Using statically allocated derived class objects to initialize an array of base class pointers

I have some classes designed to hold a pointer to some variables, and some other properties which are related to variables. Actually, I'm trying to design a CANopen stack for STM32 and I'm planning to use these classes to represent the object dictionary.

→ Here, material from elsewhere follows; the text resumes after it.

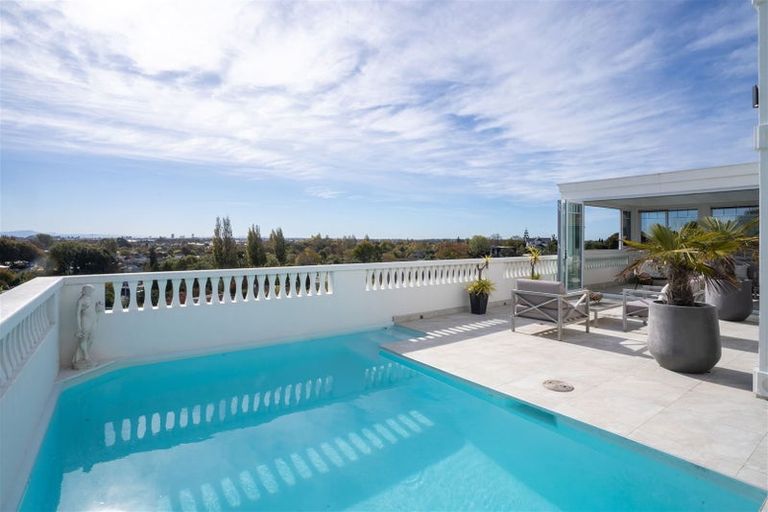 Photo of property in 37 Overdale Drive, Cashmere, Christchurch, 8022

Here are the simplified versions of the classes:

class Object {  public:      constexpr Object(int index) : index{index} {}  private:      int index;  };    class Single : public Object {  public:      constexpr Single(int index, void* var, std::size_t size)      : Object{index}, ptr{var}, size{size} {}  private:      void* ptr;      std::size_t size;  };    class Array : public Object {  public:      constexpr Array(int index, void* var, std::size_t size, std::size_t length)      : Object{index}, ptr{var}, size{size}, length{length} {}  private:      void* ptr;      std::size_t size;      std::size_t length;  };  

And I wish to create an array of these objects. The code below compiles without problems:

int a {1}; // Single variable  float b[] {2.0, 3.0}; // Array    const Object* dictionary[] {      new Single(0x1000, &a, sizeof(int)),      new Array(0x1001, b, sizeof(float), std::size(b))  };  

The problem is, I try to avoid using heap (dynamic allocation) as much as possible. Usage of dynamic allocation in embedded systems is a debated subject, but my main concern is memory utilization: STM32 microcontrollers have a lot more flash ROM than they have RAM, so it's preferable to mark variables as const, so the linker can place them into ROM instead of RAM.

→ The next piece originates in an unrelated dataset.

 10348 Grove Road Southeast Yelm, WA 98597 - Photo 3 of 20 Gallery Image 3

But when a modify the code as below, it doesn't compile:

const Object* dictionary[] {      &Single(0x1000, &a, sizeof(int)),      &Array(0x1001, b, sizeof(float), std::size(b))  };  

It gives error: taking address of rvalue error.

I can think of one solution:

const Single a_obj {0x1000, &a, sizeof(int)};  const Array b_obj {0x1001, b, sizeof(float), std::size(b)};    const Object* dictionary[] {      &a_obj,      &b_obj  };  

This works without problems, and places a_obj & b_obj into ROM. But I think it looks ugly. It forces me to define and maintain additional set of variables, and imagine what if you have maybe ~20 of them. Is there a cleaner way?